En fait, la solution la plus radicale afin d’éviter qu’une faille énorme n’entraîne un séisme catastrophique tous les cinquante ans serait sans doute la suivante : il suffirait de faire en sorte qu’elle s’étire en une suite de petites cassures qui permettraient aux plaques tectoniques de s’ajuster l’une à l’autre en douceur. Si la technologie réussit un jour à maîtriser un tel placement alors le fond du problème sismique sera résolu.

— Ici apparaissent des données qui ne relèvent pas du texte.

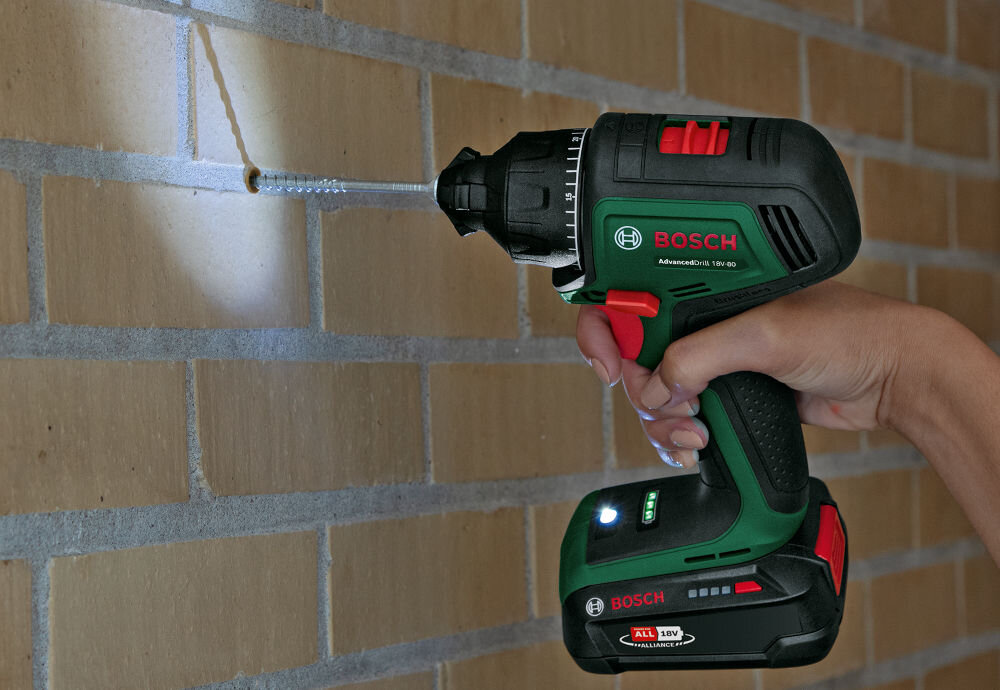Wiertarko-wkrętarka BOSCH AdvancedDrill 18V-80 Quicksnap 06039E2000 jasna dioda LED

Certains pays n’ont pas de chance : ils reposent sur des failles à la fois tectoniques et humaines.
Leurs fondateurs ne peuvent trouver de solutions aux premières, mais essayent, malgré tout, de régler les secondes : ils tentent de placer sous contrôle leurs bases sociales à fort potentiel sismique en reprenant les législations des pays développés. Cela porte un nom : La Révolution par le haut. Or, le plus important vient ensuite. Si après avoir placé le processus sur les rails de la « civilisation », ils se permettent inopinément, et ce même si l’on n’est pas sorti du système, d’intervenir à tout de bout de champ pour l’interrompre, alors ces révolutionnaires par le haut compromettent leurs propres réalisations :

- 1) Prendre la société pour un enfant retarde son développement

- 2) La formulation de solutions consensuelles et durables peut être éternellement empêchée.

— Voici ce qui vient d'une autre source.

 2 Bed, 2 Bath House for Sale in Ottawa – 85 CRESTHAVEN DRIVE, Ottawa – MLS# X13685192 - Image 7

- 3) Le « syndrome du seul juge et arbitre » peut petit à petit se transformer en une « psychose de la transgénèse ». Et par conséquent empêcher nos « révolutionnaires par le haut » de se rendre compte des mutations qui s’opèrent sur le lieu même de la faille. Ainsi peuvent-ils ne pas s’apercevoir qu’ils ont pris un retard conséquent. Ils peuvent ne pas prendre conscience de que ce besoin d’intervention perpétuelle ne provient en fait que de leur mépris à l’endroit de leur propre société mais aussi de la peur de perdre des avantages. Afin d’apaiser leur conscience ils peuvent expliquer tout par leur amour de la patrie et de la nation. Si ce dernier but n’est toujours pas atteint, ils peuvent devenir alors plus agressifs.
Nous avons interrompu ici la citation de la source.